The answer must be only the lines below from the one holding "PRELIMINARY PHYLOGEOGRAPHY AND" down to the one holding "Hiker Vanished In", ends included, printed exactly; please omit all pictures.
(Listed records)
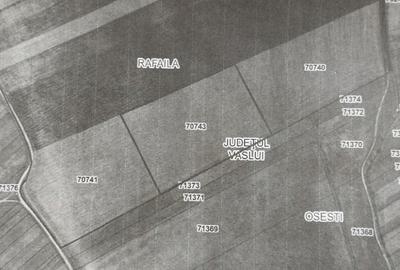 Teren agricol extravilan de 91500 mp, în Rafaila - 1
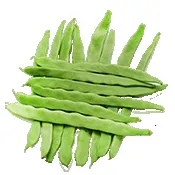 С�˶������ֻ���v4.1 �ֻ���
(End Listed records)
(Listed records)
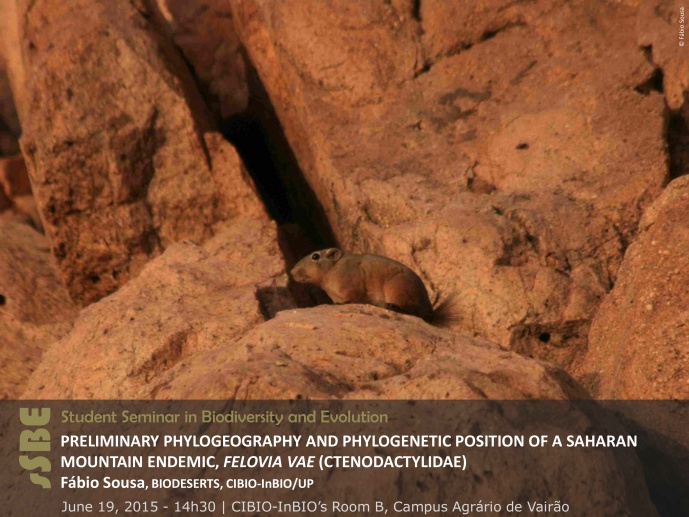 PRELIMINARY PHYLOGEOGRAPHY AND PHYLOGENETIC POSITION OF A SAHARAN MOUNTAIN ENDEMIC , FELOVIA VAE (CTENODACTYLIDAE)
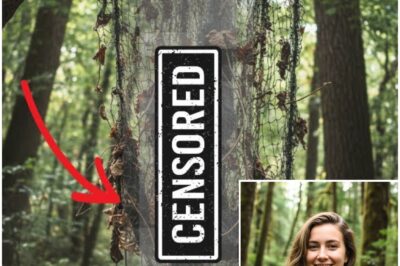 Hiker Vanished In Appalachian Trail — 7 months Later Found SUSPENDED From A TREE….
(End Listed records)
## Task output
 PRELIMINARY PHYLOGEOGRAPHY AND PHYLOGENETIC POSITION OF A SAHARAN MOUNTAIN ENDEMIC , FELOVIA VAE (CTENODACTYLIDAE)
 Hiker Vanished In Appalachian Trail — 7 months Later Found SUSPENDED From A TREE….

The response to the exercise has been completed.